La classification des risques pays publiée par l’OCDE le 30 janvier 2026 maintient le Sénégal au niveau 7, soit la catégorie la plus élevée de l’échelle de risque. Une décision qui continue de limiter l’accès du pays aux garanties et prêts concessionnels des agences publiques de crédit à l’exportation des pays membres de l’Union européenne et de l’OCDE. Si cette notation réduit certaines options de financement, Dakar conserve néanmoins plusieurs alternatives pour soutenir ses projets structurants.
Un système de notation déterminant pour les financements à l’export
L’OCDE établit chaque année une échelle de risque allant de 0 à 7, utilisée comme référence par les agences de crédit à l’exportation telles que Bpifrance en France, Euler Hermes en Allemagne ou encore SACE en Italie. Ces institutions garantissent les exportations de leurs entreprises vers les marchés émergents et fixent leurs conditions d’intervention en fonction de cette classification.
Au niveau 7, les primes d’assurance sont les plus élevées, ce qui renchérit fortement le coût des opérations. Dans ce contexte, la mobilisation de garanties publiques européennes devient plus complexe, notamment pour financer des équipements énergétiques, médicaux ou industriels en provenance d’Europe.
Un statu quo malgré des évolutions politiques et économiques
Le maintien du Sénégal dans cette catégorie traduit une absence d’évolution par rapport à la précédente évaluation.
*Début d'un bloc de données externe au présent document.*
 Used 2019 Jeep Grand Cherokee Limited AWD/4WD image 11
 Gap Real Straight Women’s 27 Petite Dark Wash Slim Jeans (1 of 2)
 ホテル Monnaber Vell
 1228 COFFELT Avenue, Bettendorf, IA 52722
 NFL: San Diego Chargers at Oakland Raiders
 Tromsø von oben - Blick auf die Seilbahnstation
Ni l’alternance politique intervenue en 2024, ni le démarrage des productions pétrolières n’ont, pour l’instant, modifié l’appréciation des analystes de l’OCDE.
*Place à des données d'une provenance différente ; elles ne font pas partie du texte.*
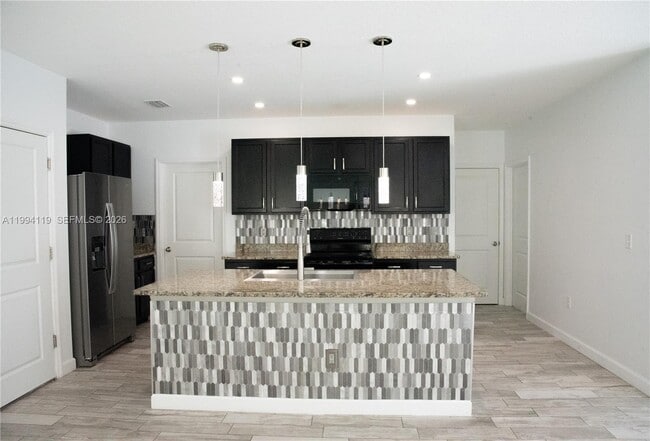 Photo - 105 Lacewing Pl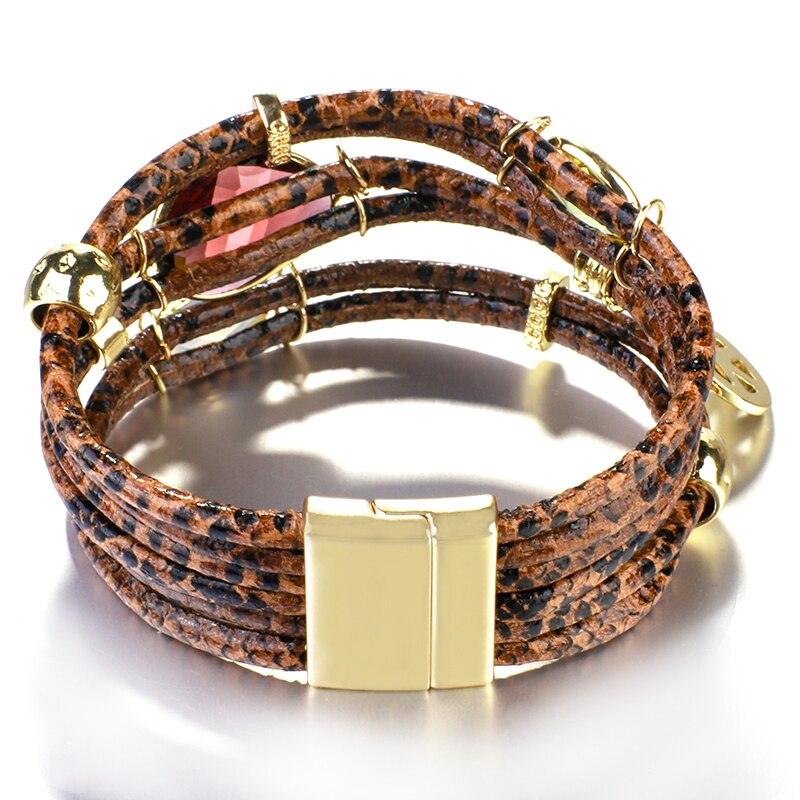 ALLYES Mulltilayer Snake Pulseras de cuero genuino para mujeres Peace Charm Animals Pattern Crystal Wrap Bracelet Joyería femenina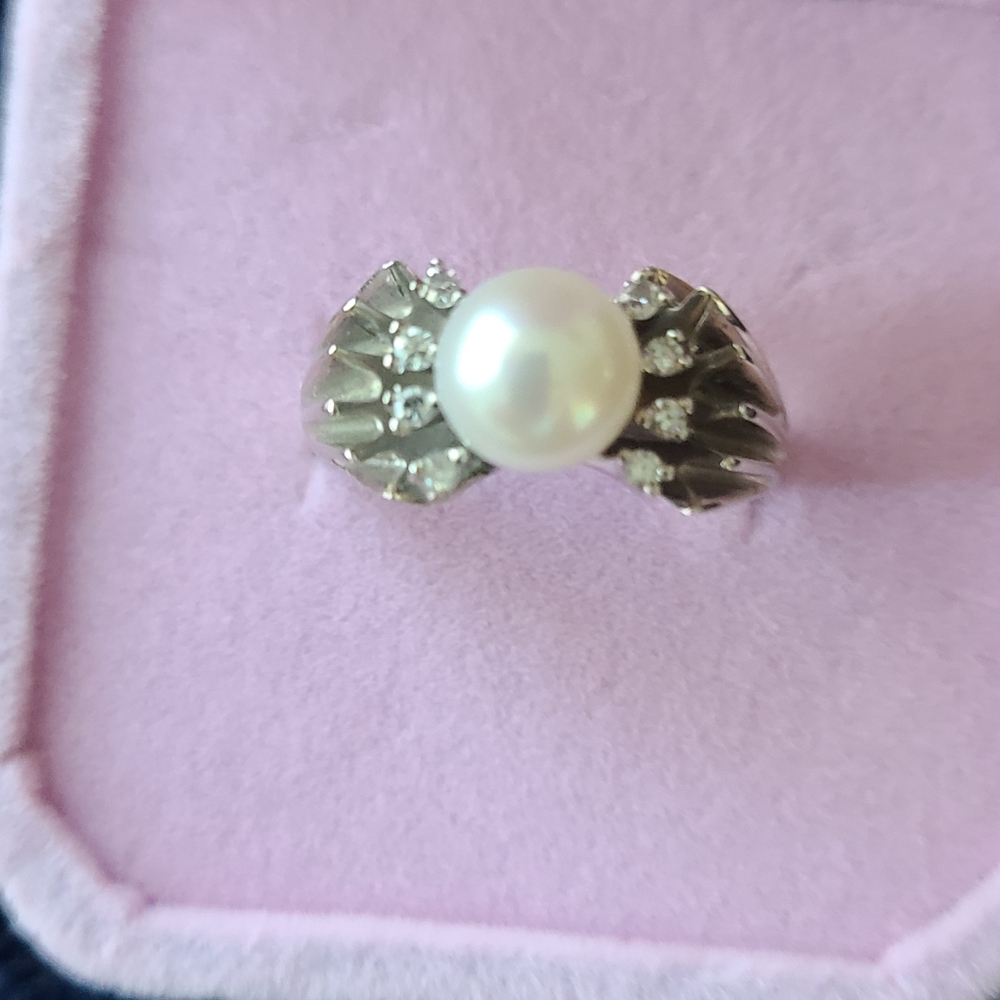 Cultured Pearl ring with man made diamonds. Size 7.25
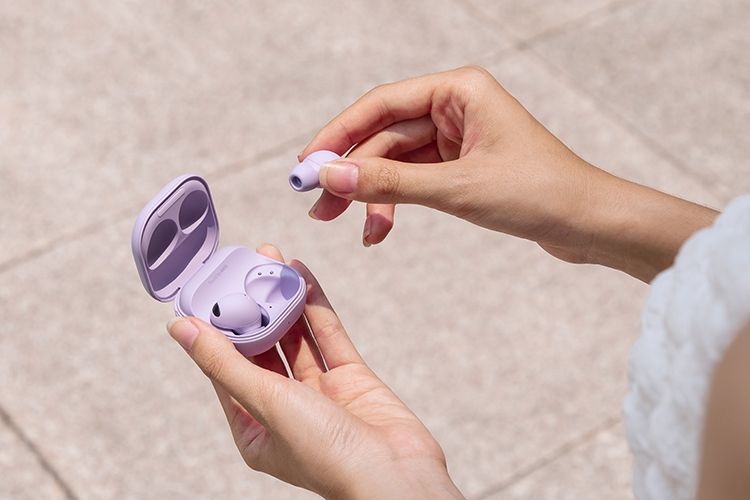 Thưởng thức chất âm 24 bit từ Galaxy Buds2 Pro 12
Selon les observateurs, les experts attendent des signaux plus tangibles sur l’amélioration des fondamentaux macroéconomiques : réduction du déficit budgétaire, stabilisation de la dette publique et consolidation des réserves de change. La perception du risque souverain repose moins sur les annonces que sur la capacité du pays à démontrer une gestion durable de ses nouvelles ressources.
Un positionnement moins favorable que certains voisins
Comparé à certains pays de la région, le Sénégal affiche un profil de risque plus élevé. Le Maroc, classé niveau 3, et la Côte d’Ivoire, positionnée au niveau 5, bénéficient d’un accès plus fluide aux mécanismes de financement européens, avec des coûts d’emprunt nettement inférieurs. Cet écart se traduit par plusieurs points de pourcentage sur les taux d’intérêt appliqués aux projets financés.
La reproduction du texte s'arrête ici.